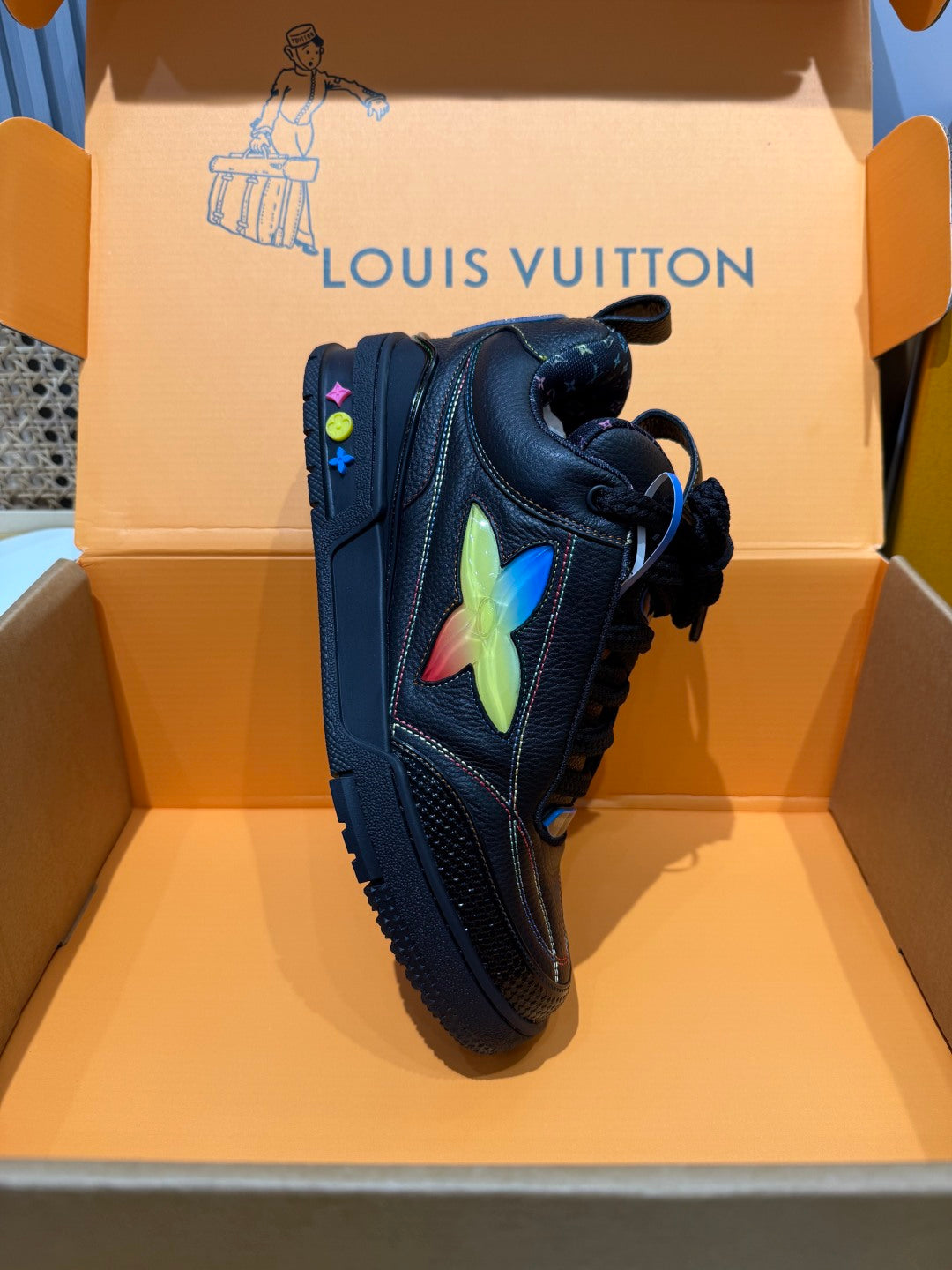 LOUIS VUITTON - skate monogram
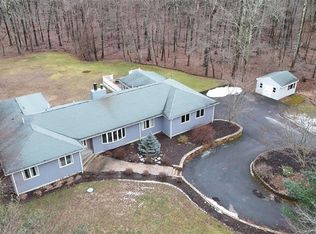 10 Boss Rd, Foster, RI 02825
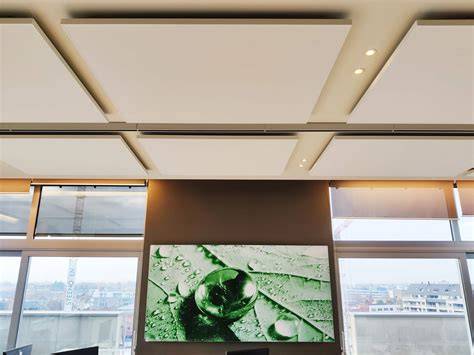 Foto: Voorbeelden van geluidsabsorberende panelen in kantoor- en theateromgevingen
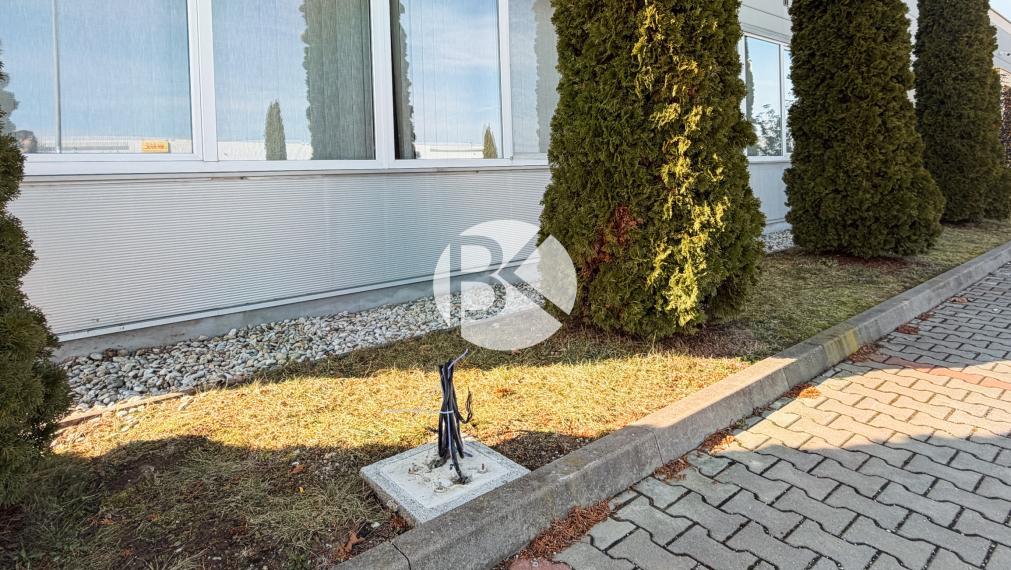 Moderná kancelárska budova | 1 065 m² | Parkovanie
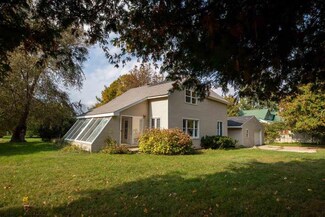 853 4th St, Charlevoix, MI 49720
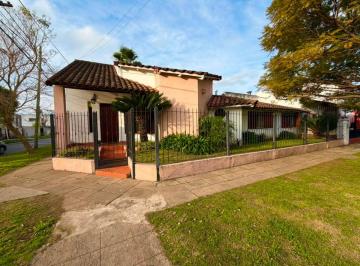 Casa de 6 ambientes, Ituzaingó · Casa Sobre Lote de Esquina en Venta en Ituzaingó Norte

→ **WHAT TO DO**
Print, exactly and without pictures, the lines from the one holding "Moderná kancelárska budova" through the last line of the entries above, both included.

→ **THE COMPLETED TASK**
 Moderná kancelárska budova | 1 065 m² | Parkovanie
 853 4th St, Charlevoix, MI 49720
 Casa de 6 ambientes, Ituzaingó · Casa Sobre Lote de Esquina en Venta en Ituzaingó Norte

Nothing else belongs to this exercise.